You're sitting quietly at home having breakfast, and suddenly there's a blast, there's a flash, and you are engulfed in a fireball that reduces everyone to cinders. You are walking out at Summerville Lake with your family. There's a flash. There's a blast and you are gone. You go up to a WVU football game and then there is that flash. There's a blast. The city is gone, like an egg crushed under a steamroller.
That's what we'd face if nuclear war occurred. That's why on this Memorial Day Sunday it is important to honor those who died in our nation’s past wars so that we might have peace. As I thought about what to preach on because this is also Pentecost I prayerfully decided to focus on what the Word of God has to say about Christian responsibility for peace making and peace keeping.
I. First, we must remind ourselves that our God, the God of our Lord Jesus Christ, God the ever present Holy Spirit is the God of peace. Contrary to other religions – like Islam we are called to live in peace.
A. We may tend to overlook this attribute, which is an essential ingredient of the divine character of God, I would like us to examine a few Scriptures that discloses the God of peace. The New Testament has at least 6 references to this facet of God's nature. Here is 3 of them.
1. This is one of those texts that refer to God as the God of peace. Paul assures us that the God of peace will soon crush Satan under our feet. Romans 16:20 (NIV) tells us that The God of peace will soon crush Satan under your feet. The grace of our Lord Jesus be with you.
a. Paul’s assurance that the God of peace will soon crush Satan under our feet doesn’t sound to peaceful – but knowing that Satan is defeated can bring a great deal of peace to Christ’s disciples.
2. 2 Corinthians 13:11 (NIV) Finally, brothers, good-by. Aim for perfection, listen to my appeal, be of one mind, live in peace. And the God of love and peace will be with you. Paul in his farewell comment to the church in Corinth tells us:
a. To aim for perfection - if we don’t aim for perfection we will not try at all. It is our effort to live like Christ that makes a difference in the world.
b. To aim for perfection we have to follow the directions – Paul tells us to listen to him “my appeal.”
c. Be of one mind = live in harmony with one another
d. Live in peace – that comes when we are aiming for perfection, listening to the holy directions and living in harmony with one another.
e. Then the God of love and peace will be with us.
3. Hebrews 13:20-21 (NIV) May the God of peace, who through the blood of the eternal covenant brought back from the dead our Lord Jesus, that great Shepherd of the sheep, 21 equip you with everything good for doing his will, and may he work in us what is pleasing to him, through Jesus Christ, to whom be glory for ever and ever. Amen.

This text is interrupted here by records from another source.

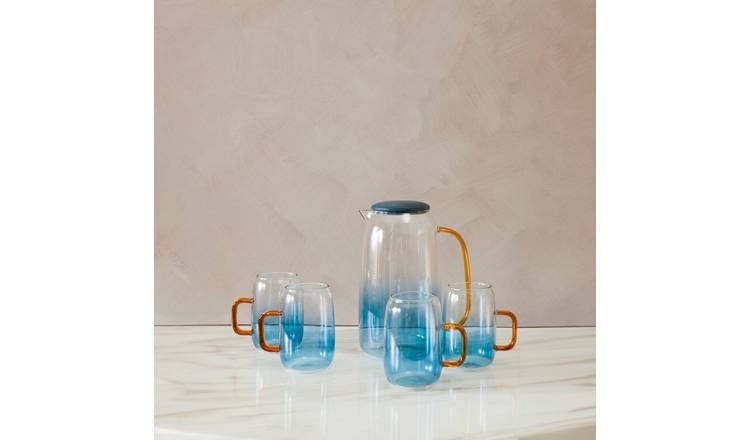 Orsina Noa Glass Ombre Pitcher and Cup Set – Blue, Clear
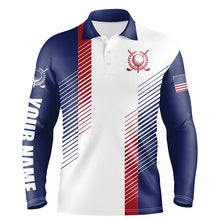 Load image into Gallery viewer, Red, white and blue golf shirts custom name Mens golf polo shirts, mens patriotic golf polos NQS5507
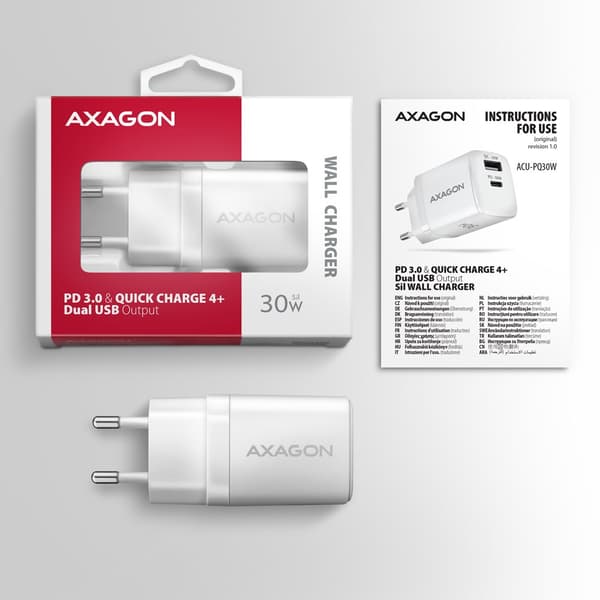 Axagon ACU-PQ30W Oplader QC3.0.4.0/AFC/FCP/PPS/Apple+ PD USB-C 30W - hvid - USB Type C Mobiltelefon, Smartphone, Smartwatch, Tablet, Universal Hvid AC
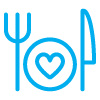 Icon of a a plate and a fork and knife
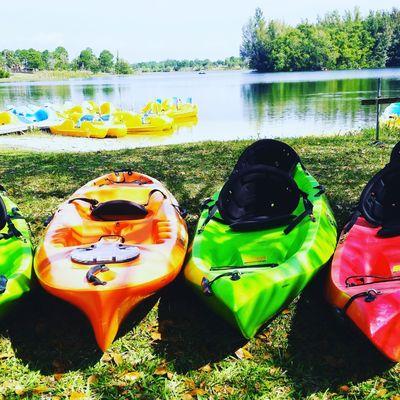 Vibrant kayaks. Beautiful day on the lake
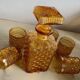 Vintage Italian liqueur service in amber glass – "Pointe de" work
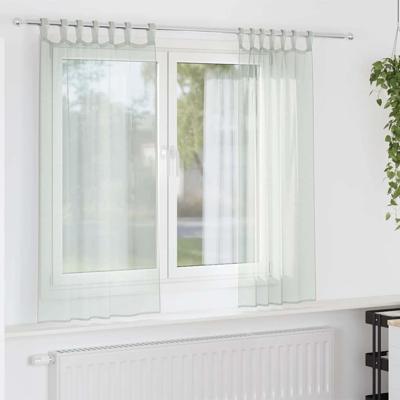 Gordijnen voile met roedezakken 2 st lichtgrijs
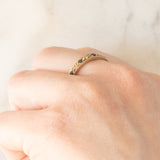 Veretta vintage in oro giallo 9K con zaffiri (0.20ctw ca.) e diamanti (0.04ctw ca.), anno 1977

B. Because God is a God of peace He desires peace and He wants peace among the nations on our planet. We need to desire that peace but so often we try to manufacture that peace through treaties and human efforts. Human efforts will not provide peace – we have to have the Peacemaker, Jesus Christ, provide peace.
II. God is not to blame for war. We must remind ourselves that if there is war on earth you can't blame God for it. 1 Corinthians 14:33 (NIV) For God is not a God of disorder but of peace…
A. We create disorder and confusion. With the assistance of Satan human kind chooses violence and bloodshed instead of harmony and life.
B. James the brother of Jesus in his letter pulls no punches telling us that if there is strife, if there is war don’t blame God. It isn’t His will it is human wickedness.
C. James isn't talking as a sociologist; but he gives us here profound analysis of why history is a terrible record of marching armies and bloody battles. . James 4:1-2 (NIV) 1 What causes fights and quarrels among you? Don't they come from your desires that battle within you? 2 You want something but don't get it. You kill and covet, but you cannot have what you want. You quarrel and fight. You do not have, because you do not ask God
D. Human theft. Ruthless ambition. Greed for land and gold and power. Fierce hatred, and cruel envy. These are the root causes of war not the will of God, but the wickedness of man. And Satan is definitely a part of this – urging us to choose us over others.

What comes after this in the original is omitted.